SOURCE INFORMATION Start Marker

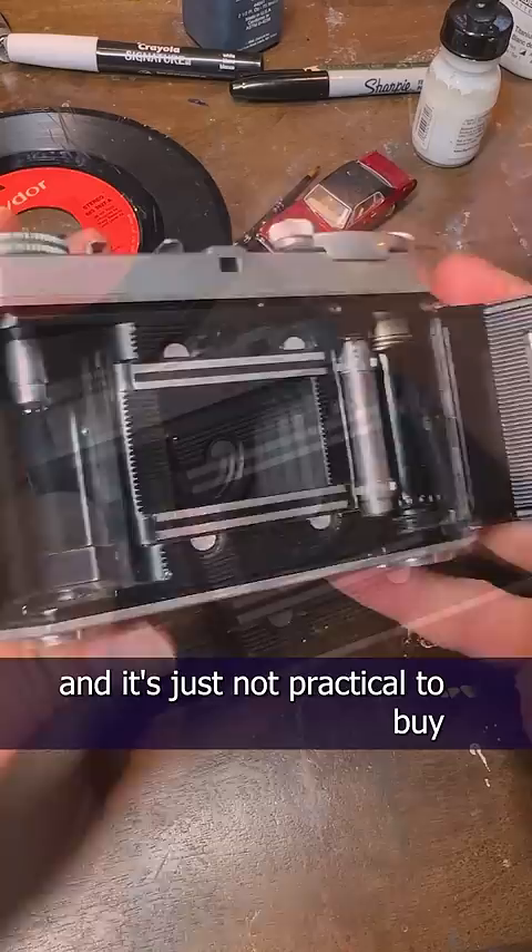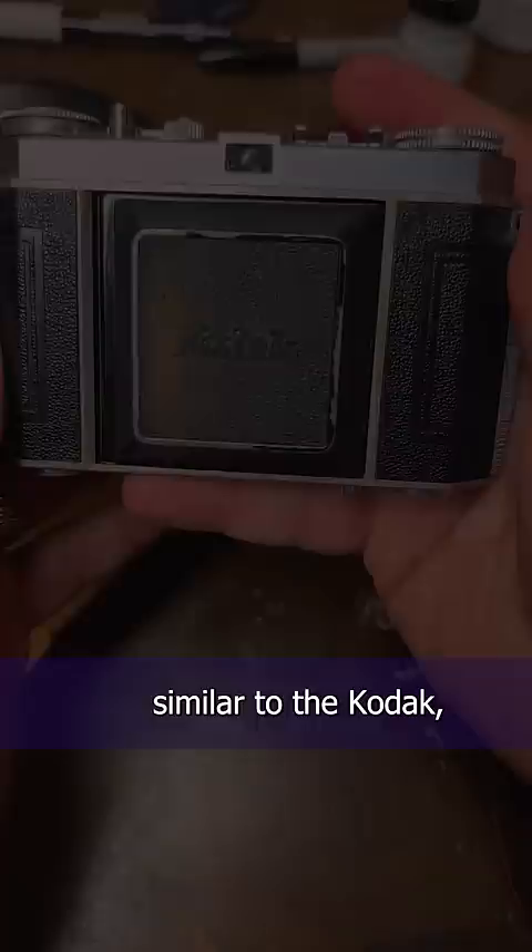The problem is, it's an old film camera and it's just not practical to buy film and develop film anymore. So I thought I'd see if there were any digital cameras similar to the Kodak — you know, with that vintage 40s and 50s style.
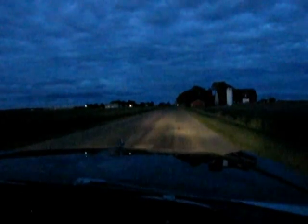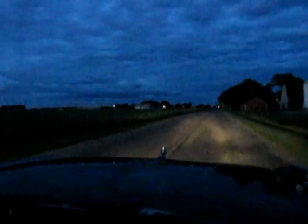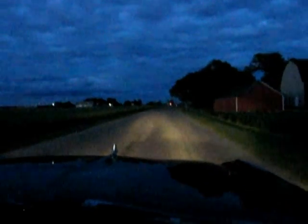Beautiful Michigan night — not a great night to shoot a car video, but that's a nice sky. You're not watching this video for a sky view; you're watching it for a view of a '65 Street Wedge.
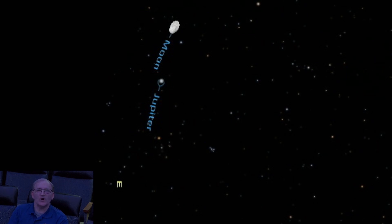Thank you all for watching, and join me again next month for another edition of Astronomy Spotlight.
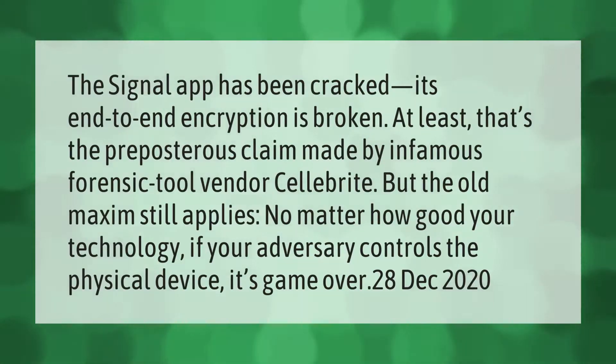The Signal app has been cracked and its end-to-end encryption is broken — at least that's the preposterous claim made by infamous forensic tool vendor Cellebrite. But the old maxim still applies: no matter how good your technology, if your adversary controls the physical device, it's game over.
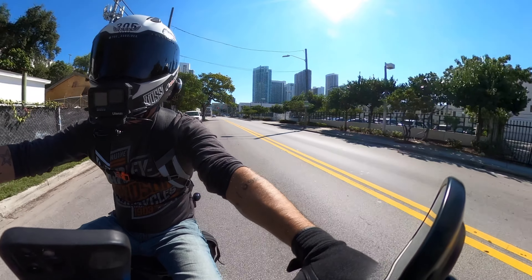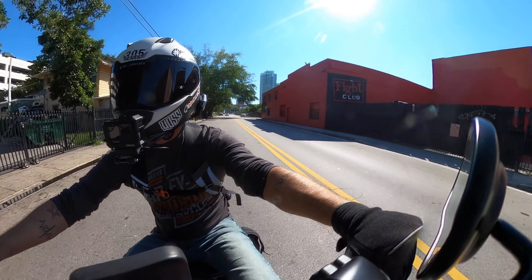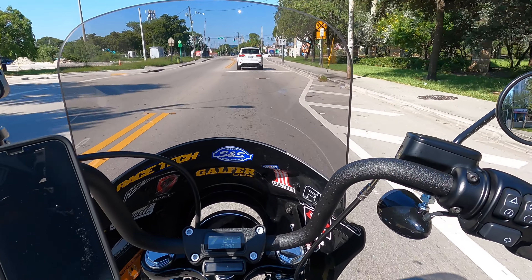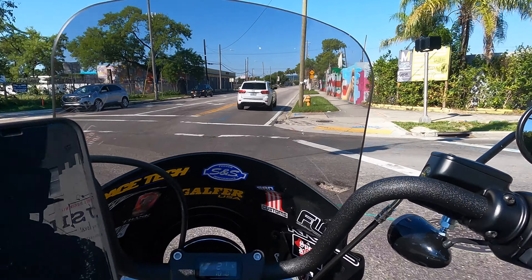Another big reason I chose the Street Bob over the Lowrider S is honestly the seat. The stock seat on the Lowrider S is a good seat, but it's a single seat for starters and it doesn't look nearly as cool as this one. The Street Bob already comes set up for a passenger, so another thing I would have had to purchase on the Lowrider S was at least a passenger setup.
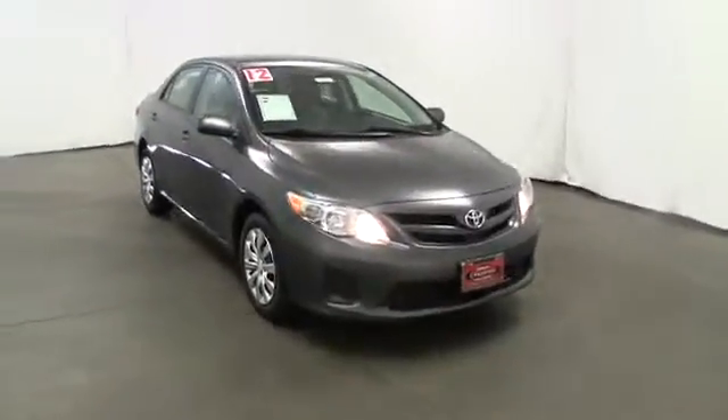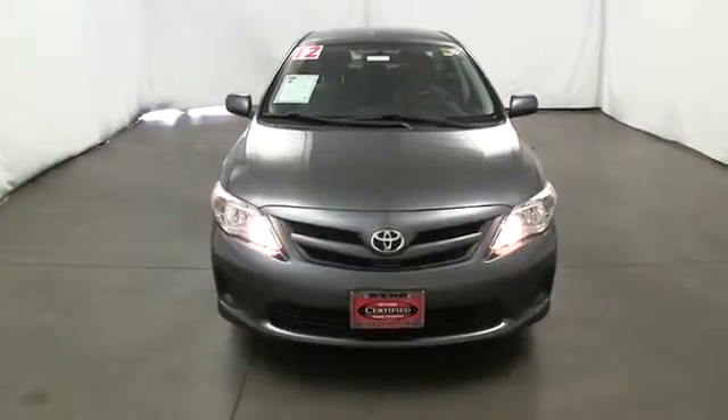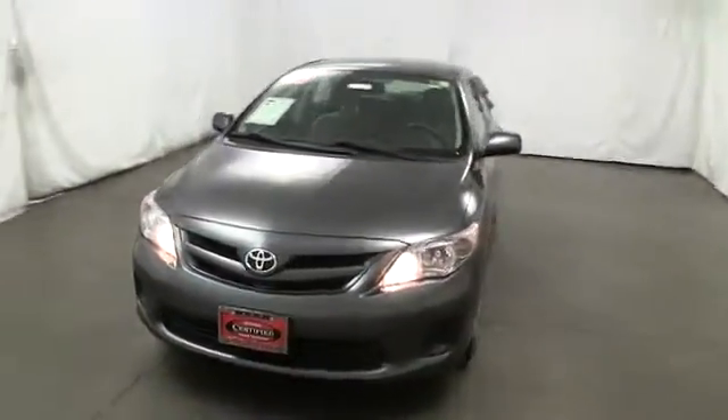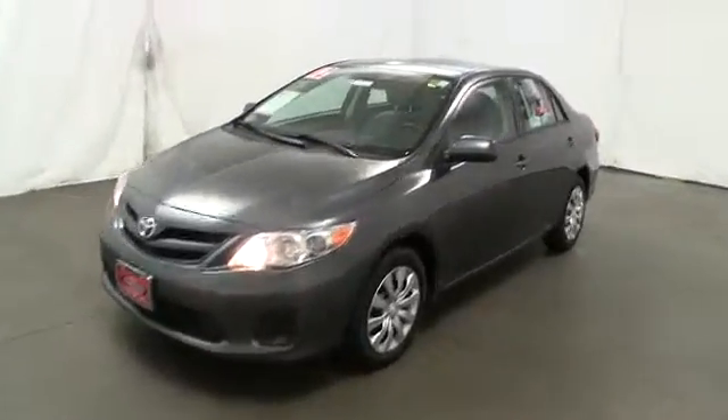2012 Corolla. The Corolla is still a great option for those who want dependability, comfort, and value. This vehicle has less than 35,000 miles. Here are some of this vehicle's great options.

SOURCE INFORMATION End Marker

TO DO: Output everything in the records above word for word, but not the pictures.

YOUR RESPONSE:
The problem is, it's an old film camera and it's just not practical to buy film and develop film anymore. So I thought I'd see if there were any digital cameras similar to the Kodak — you know, with that vintage 40s and 50s style.
Beautiful Michigan night — not a great night to shoot a car video, but that's a nice sky. You're not watching this video for a sky view; you're watching it for a view of a '65 Street Wedge.
Thank you all for watching, and join me again next month for another edition of Astronomy Spotlight.
The Signal app has been cracked and its end-to-end encryption is broken — at least that's the preposterous claim made by infamous forensic tool vendor Cellebrite. But the old maxim still applies: no matter how good your technology, if your adversary controls the physical device, it's game over.
Another big reason I chose the Street Bob over the Lowrider S is honestly the seat. The stock seat on the Lowrider S is a good seat, but it's a single seat for starters and it doesn't look nearly as cool as this one. The Street Bob already comes set up for a passenger, so another thing I would have had to purchase on the Lowrider S was at least a passenger setup.
2012 Corolla. The Corolla is still a great option for those who want dependability, comfort, and value. This vehicle has less than 35,000 miles. Here are some of this vehicle's great options.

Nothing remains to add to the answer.